"I showed up at his house on a Sunday morning while Joss was still in post on 'The Avengers' and he told me what play he wanted to shoot, and the second sentence out of his mouth was it's gonna be in black-and-white," Hunter recalls. "And as a cinematographer, it's a very rare blessing to shoot anything in black-and-white these days. I told him I'm on board but I was curious to know why. It was an instinctual thing for him. Not only aesthetically but it's one less thing to worry about logistically with the color of the wardrobe and what you see on the walls. Deep down, he felt like it had a noir quality to it and transposing it to the modern day and shooting it in black-and-white would help bridge the gap between the language and the contemporary setting."
Shot in 12 days at his Spanish Colonial house in Santa Monica with members of his loyal acting troupe (led by Amy Acker and Alexis Denisof as the bitter rivals Beatrice and Benedick), Whedon re-imagined Shakespeare's popular comedy about love and slander with Italian suits and cell phones. With Elizabethan wit and timeless wisdom, it's modern yet musical and plays like a smart, accessible rom-com. (Whedon even credits this Shakespeare play with providing the template for the genre.) And its emphasis on female empowerment is right in Whedon's thematic wheelhouse. In fact, Whedon's wife, Kai Cole, insisted they forgo their 20th anniversary in Venice so he could reconnect with his house, family, and friends by making this passion project.
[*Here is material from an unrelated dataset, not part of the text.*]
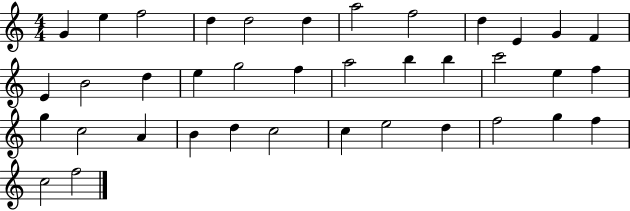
G4/q E5/q F5/h D5/q D5/h D5/q A5/h F5/h D5/q E4/q G4/q F4/q E4/q B4/h D5/q E5/q G5/h F5/q A5/h B5/q B5/q C6/h E5/q F5/q G5/q C5/h A4/q B4/q D5/q C5/h C5/q E5/h D5/q F5/h G5/q F5/q C5/h F5/h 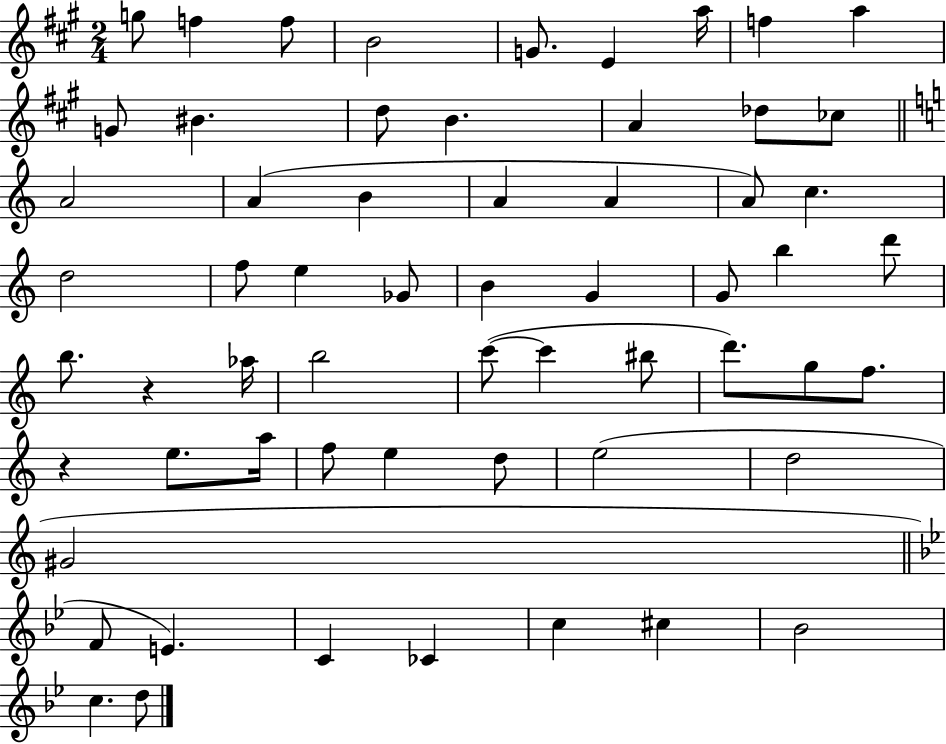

Of course, Shakespeare in black-and-white is nothing new: Laurence Olivier's "Hamlet" and Orson Welles' "Macbeth," "Othello," and "Chimes at Midnight" are monochromatic masterpieces ranging from Expressionism to neo-realism to a new kind of hybrid.
"I remember we talked about 'Othello' right off the bat," Hunter continues. "He also wanted it hand-held and so I started thinking about Goddard and Truffaut. Here's a way to adapt the material visually in a way that's never been done before. Don't use dollies and get the cameras very close to the actors [with loose blocking] and be immersed in the scene. We wanted the camera to be moving around and panning back and forth and almost improvising a little bit to give it a fresh, vibrant feel. I also wanted to add a little hand-held Herzog in there and Joss was smiling and nodding and, 'Yes, yes, yes -- all this! I want to do all this!"
Hunter shot digitally with the Red Epic in color and then converted to black-and-white in post. On set, however, they switched the chroma off the monitors. It's not the purest way to shoot black-and-white, but the new Red Epic Monochrome moves a step closer by allowing you to switch off the color with the touch of a button. Yet Hunter had enough latitude to get both soft and hard light depending on the mood. The hardest part was staying in focus with so much hand-held. Considering there was only a day of rehearsal and it was shot fast and loose like TV, "Much Ado" went pretty smoothly.
"We needed to give Joss as much time with the camera as possible," Hunter suggests. "My trying to get a light that was 20 minutes away to make the scene a little better was going to take away four takes or lose a close-up. And so we tried not to slow down the process with any technical elements. But I knew if the film looked like crap, Joss would at least get the takes and performances he needed."
The exterior party scene in the backyard was logistically nerve racking, shooting quickly as soon as the sun went down and into the night with 100 extras. But with the Epic very sensitive to low light, all they had to do was spread china balls on the ground and behind bushes and columns to get some soft spot lighting. When Cole jumps into the water playing an overexcited party goer, the sense of submersion was enhanced with the aid of a $10 fish tank.